Batman shooter sent warning package: report

Batman shooter sent warning package: report

AURORA, Colorado - Agence France-Presse
Batman shooter sent warning package: report

James Holmes appears in court at the Arapahoe County Justice Center July 23, 2012 in Centennial, Colorado. AFP Photo

Alleged Colorado shooter James Holmes reportedly sent a warning package to a psychiatrist at his former university with a notebook and drawings of his plans to massacre people.
 
Holmes, 24, is accused of shooting 12 people dead and wounding 58 more at a cinema on Friday in Aurora, outside Denver, as young moviegoers packed the first midnight screening of the latest Batman film, "The Dark Knight Rises." There were conflicting reports about whether the package was received in time for the massacre to be averted.

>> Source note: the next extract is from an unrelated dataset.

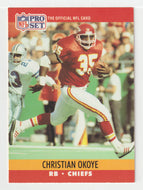 Christian Okoye - Kansas City Chiefs (NFL Football Card) 1990 Pro Set # 532 Mint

Officials remained tight-lipped Wednesday on reports that it had lain unopened in a university mailroom for days.
 
Fox News, quoting an unnamed law enforcement source, said the parcel, with Holmes' name written in the return address box, arrived at the University of Colorado on July 12 but sat unopened until days after the July 20 massacre.
 
"Inside the package was a notebook full of details about how he was going to kill people," the law enforcement source said. "There were drawings of what he was going to do in it -- drawings and illustrations of the massacre." Those drawings included some of gun-wielding stick figures shooting other stick figures, the report said.
 
However, a second law enforcement source quoted by Fox News said the authorities had been unable to confirm that the package had arrived before the killings occurred. The Denver Post, meanwhile, cited university officials as saying it had arrived on Monday, days after the shooting.
 
A police source told NBC News that Holmes had tipped them off to the package and told them to look for his name in the return address.
 
A report also surfaced that the suspect, who is expected to be charged with 12 murders and 58 attempted murders at his next court appearance on Monday, bought a high-powered rifle hours after failing a key oral exam.
 
Awarded a special grant by the government for his neuroscience studies, Holmes suddenly dropped out of the program with no explanation three days after failing the June 7 exam, ABC News reported.
 
Officials are unable to comment publicly on any of these matters because of a strict gag order imposed by the judge overseeing the case.
 
The first funeral of a massacre victim took place on Wednesday, as President Barack Obama told an event in New Orleans that he would pursue "common-sense" measures to keep guns out of the hands of mentally ill people.
 
In a speech to the National Urban League said he believes that even most gun owners would agree "that AK-47s belong in the hands of soldiers, not in the hands of children." "I believe the majority of gun owners would agree we should do everything possible to prevent criminals and fugitives from purchasing weapons. And we should check someone's criminal record before they can check out a gun seller.
 
"A mentally unbalanced individual should not be able to get his hands on a gun so easily. These steps shouldn't be controversial. They should be common-sense." The gunman in last week's movie theater shooting gained access via a fire exit shortly after the film began and threw two canisters of noxious gas into the auditorium, witnesses said.
 
After firing one round directly into the air with a pump-action shotgun, he began shooting people at random with a military-style assault rifle capable of dispatching 50 to 60 rounds a minute.
 
Authorities say Holmes -- who had painted his hair reddish orange -- claimed he was the Joker, Batman's sworn enemy in the comic book series that inspired director Christopher Nolan's film trilogy, which features British-born actor Christian Bale as "the caped crusader".
 
The suspect gave himself up outside the cinema, still clad in the body armor witnesses described the gunman wearing.
 
Police said Sunday they had found Holmes's computer inside his booby-trapped apartment -- rigged to kill anyone who entered -- which could provide crucial details about how he planned and executed the attack.
 
Holmes is being held in solitary confinement in the Arapahoe County Detention Center and could face the death penalty if convicted, although Colorado has only executed one person since 1976.
 
Holmes made a bizarre first appearance in court Monday wearing a maroon prison jumpsuit under his shock of orange-dyed hair. He appeared unable to follow proceedings as his head bobbed up and down and he alternated between staring out wild-eyed and closing his eyes as if in a daze. He has yet to undergo a psychiatric evaluation.